What to produce: The data below should be retyped exactly, with the pictures left out.

Provided data:
+ + + + +
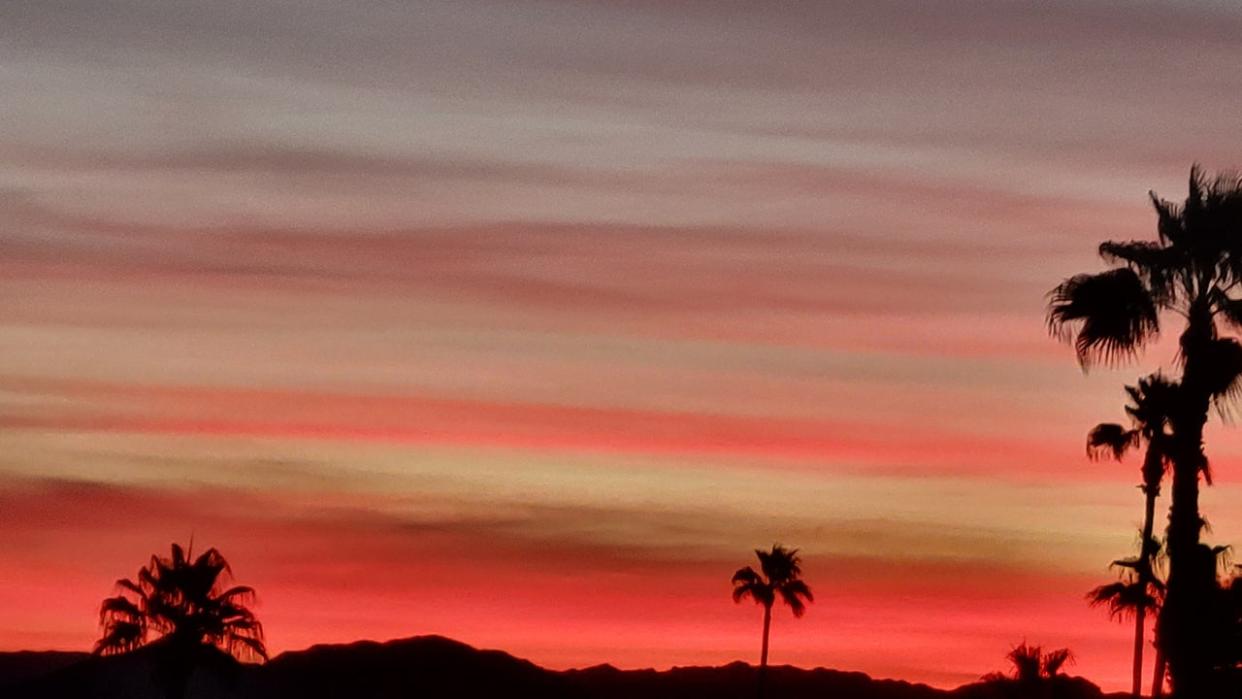 <div>We hope your Easter Sunday was as beautiful as this Fountain Hills sunrise. Thanks to Russ Preban for sharing</div>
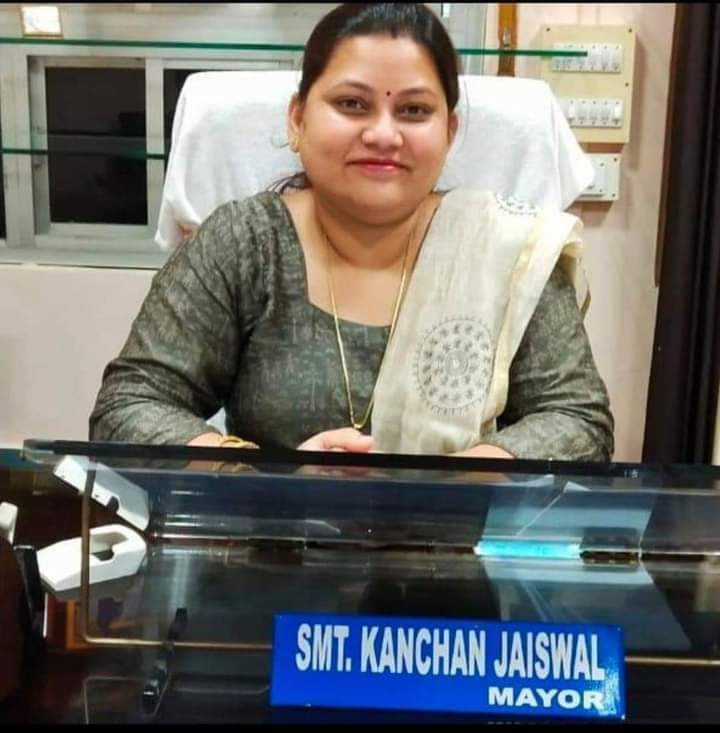 पूर्व प्रधानमंत्री भारत रत्न माननीय राजीव गांधी जी के पुण्यतिथि पर आज नगर निगम की आदरणीया महापौर श्रीमती कंचन जायसवाल जी, निगम सभापति श्रीमती गायत्री बिरहा जी, एमआईसी सदस्य श्री शिवांश जैन जी, रज्ज़ाक खान जी, निगम आयुक्त श्रीमती योगिता देवांगन जी ने सामुदायिक स्वास्थ्य केंद्र बड़ाबाजार एवं पोंडी पहुँचकर कोरोना काल में दिन रात अपनी सेवाएं दे रहे स्वास्थ्य कर्मियों को मास्क सेनेटाइजर फेस शील्ड जैसे आवश्यक उपकरण देकर उनका मनोबल को बढ़ाया..।।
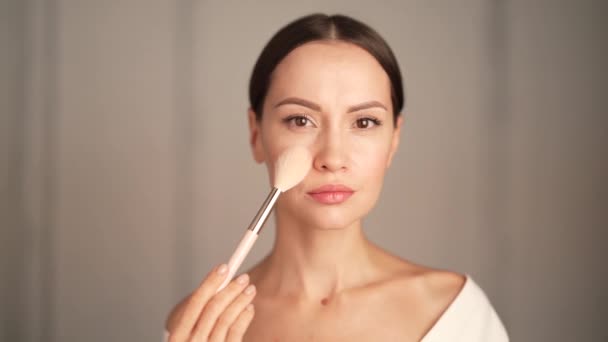 Primer Plano Retrato Una Hermosa Mujer Que Aplica Maquillaje Con — Vídeo de stock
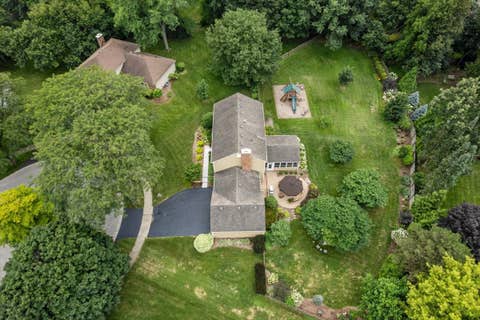 Tiny photo for 1483 Allen Lane, St. Charles, IL 60174 (MLS # 12717637)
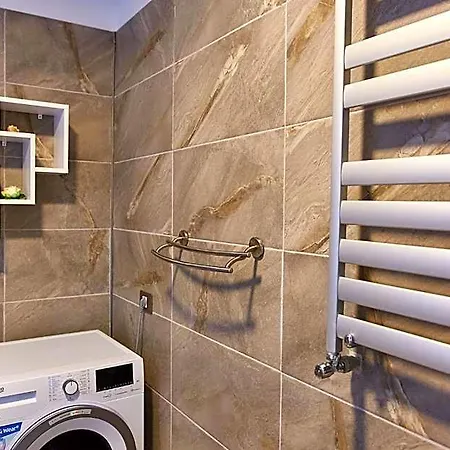 Indigo Alezzi Pool & Aparthotel 3*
+ + + + +
Finished task:
 <div>We hope your Easter Sunday was as beautiful as this Fountain Hills sunrise. Thanks to Russ Preban for sharing</div>
 पूर्व प्रधानमंत्री भारत रत्न माननीय राजीव गांधी जी के पुण्यतिथि पर आज नगर निगम की आदरणीया महापौर श्रीमती कंचन जायसवाल जी, निगम सभापति श्रीमती गायत्री बिरहा जी, एमआईसी सदस्य श्री शिवांश जैन जी, रज्ज़ाक खान जी, निगम आयुक्त श्रीमती योगिता देवांगन जी ने सामुदायिक स्वास्थ्य केंद्र बड़ाबाजार एवं पोंडी पहुँचकर कोरोना काल में दिन रात अपनी सेवाएं दे रहे स्वास्थ्य कर्मियों को मास्क सेनेटाइजर फेस शील्ड जैसे आवश्यक उपकरण देकर उनका मनोबल को बढ़ाया..।।
 Primer Plano Retrato Una Hermosa Mujer Que Aplica Maquillaje Con — Vídeo de stock
 Tiny photo for 1483 Allen Lane, St. Charles, IL 60174 (MLS # 12717637)
 Indigo Alezzi Pool & Aparthotel 3*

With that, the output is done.